##### Data below #####

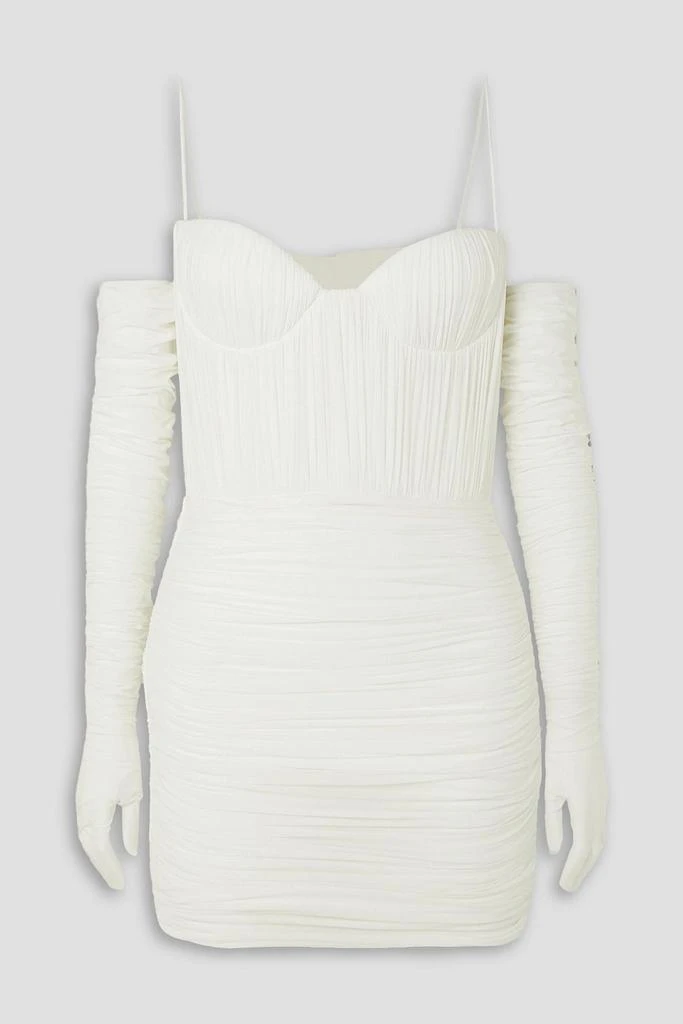 Alex Perry Paige cold-shoulder ruched stretch-jersey mini dress 1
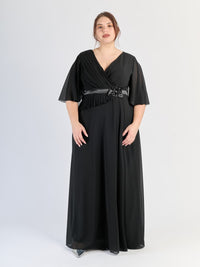 Vestito Nero plus size, gonna lunga, struttura avvolgente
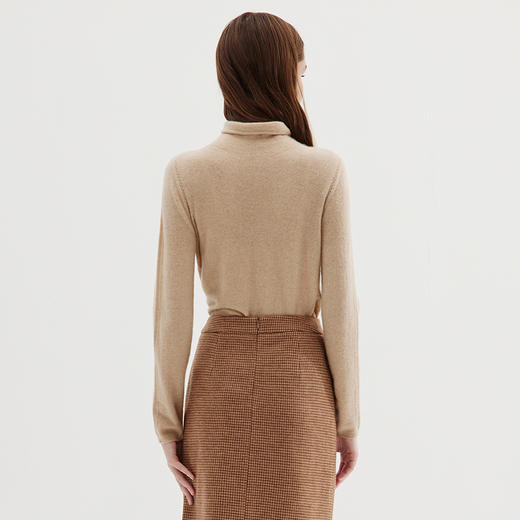 EITIE爱特爱冬季新款100%山羊绒舒适保暖高领套头纯色显瘦针织衫7201906 商品图5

#####

■ **Task**
Quote everything in the listing above exactly; pictures are the only thing to omit.

■ **Response to this exercise**
 Alex Perry Paige cold-shoulder ruched stretch-jersey mini dress 1
 Vestito Nero plus size, gonna lunga, struttura avvolgente
 EITIE爱特爱冬季新款100%山羊绒舒适保暖高领套头纯色显瘦针织衫7201906 商品图5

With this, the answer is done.